Digital Ants
So how did those cupcake crumbs disappear? You don’t have a dog so we can rule out absorption by a canis lupus familiaris, and Roomba went out of business years ago, so where did the crumbs go and who took them? The answer is ‘the robots got ‘em’. Does it sound a bit like science fiction or even science fantasy? It’s not based on developments by a group of engineers at Northwestern University who have developed the smallest remote-controlled walking robots ever built, roughly 1/3 the size of a typical ant, and the idea that in the future a pack of such little scavengers would sit in a box under the couch waiting to be called on to clean, polish or perform other functions for you, is not science fiction but merely a practical application of that research.
These little crab-like creatures are not battery powered or driven by complex electronics, but are constructed of alloys that when heated conform into a ‘memory’ shape and are coated with a thin layer of elastic glass that pulls them back to their original shape as they cool.
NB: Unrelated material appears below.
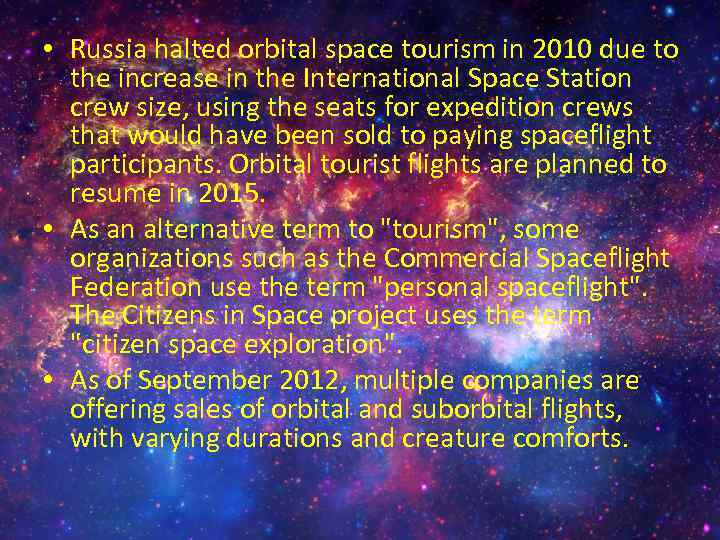  • Russia halted orbital space tourism in 2010 due to the increase in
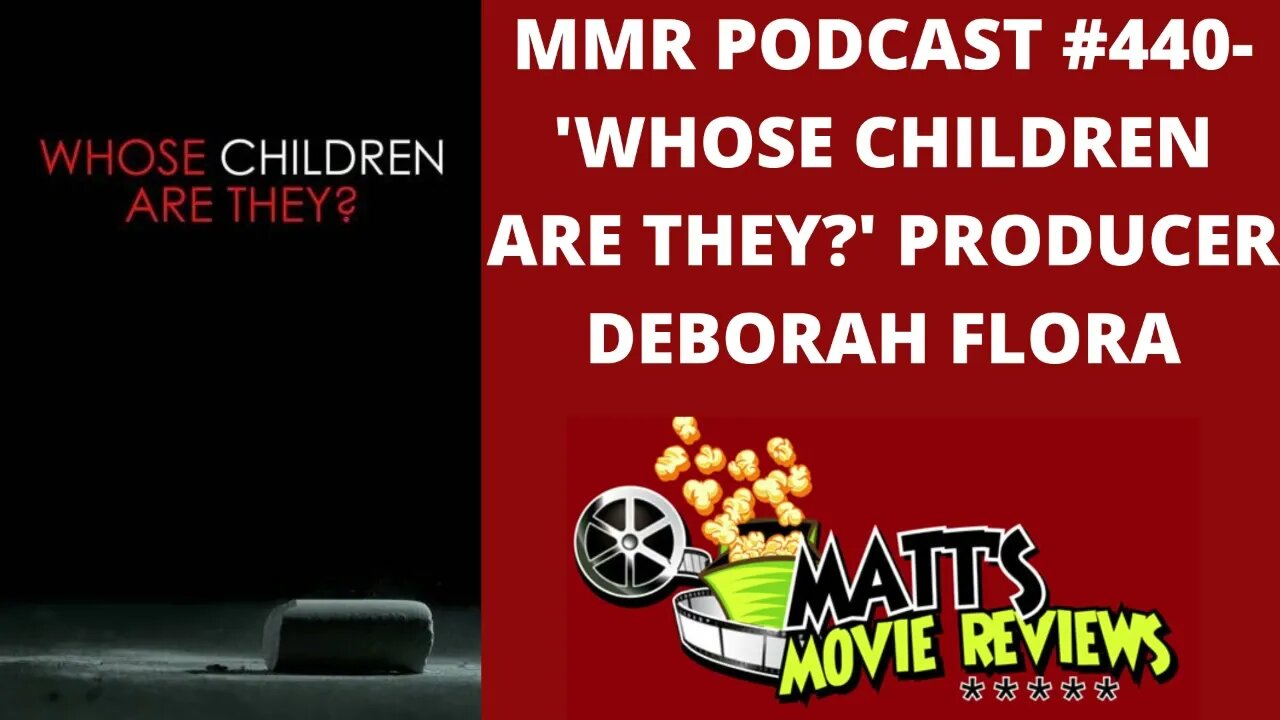 #440 - ’Whose Children Are They?’ Producer Deborah Flora | Matt's Movie Reviews Podcast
Currently these miniscule robots are controlled by a remote controlled laser that starts the ‘walking’ process by heating the ‘legs’ of the bots, and by having the laser scan the legs in a particular direction, the bots will ‘walk’ that same way, and as these structures are so small they cool quickly, which allows them to walk or swim more quickly as their size decreases.
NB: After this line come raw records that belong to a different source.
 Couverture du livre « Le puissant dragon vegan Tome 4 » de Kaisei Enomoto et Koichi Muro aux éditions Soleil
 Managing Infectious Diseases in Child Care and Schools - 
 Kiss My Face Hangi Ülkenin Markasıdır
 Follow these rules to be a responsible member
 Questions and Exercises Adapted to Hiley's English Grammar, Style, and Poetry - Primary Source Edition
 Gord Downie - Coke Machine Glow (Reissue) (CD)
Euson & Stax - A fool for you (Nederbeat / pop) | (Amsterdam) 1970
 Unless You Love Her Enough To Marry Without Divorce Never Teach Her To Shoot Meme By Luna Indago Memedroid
The same team at Northwestern devised a process to fabricate these bots by bonding the flat alloy materials to a stretched rubber substrate. When the rubber is relaxed it buckles and the alloy ‘pops’ into a pre-defined 3 dimensional shape, allowing them to create robots of any size or 3D shape. Movement of shapes can take the form of bending, twisting, and expanding, which allows the devices to crawl, walk, turn, and jump. Of course, these experiments are only the basis for the creation of commercial devices, although the team previously developed a winged microchip last September, the smallest man-made flying structure ever built, about the size of a grain of sand, so it would seem the possibilities are not limited to ground work.
In order to commercialize such devices other methods for ‘stimulating’ them would have to be developed, but nano-fabrication, an outgrowth of semiconductor process technology, is a rapidly developing field, and the application of nano-scale power sources and processors to such devices is a possibility, although the cost of production will be the major consideration for commercialization. That said, at least the process for creating the structures has been simplified and uses common semiconductor materials and processes, such as Si wafers, sputtering, annealing, photoresist patterning, and tape transfer, and while we are still some time away from these bots helping you to keep your Hostess cupcake habit from the wife, its not really science fiction anymore. For now, use a paper plate.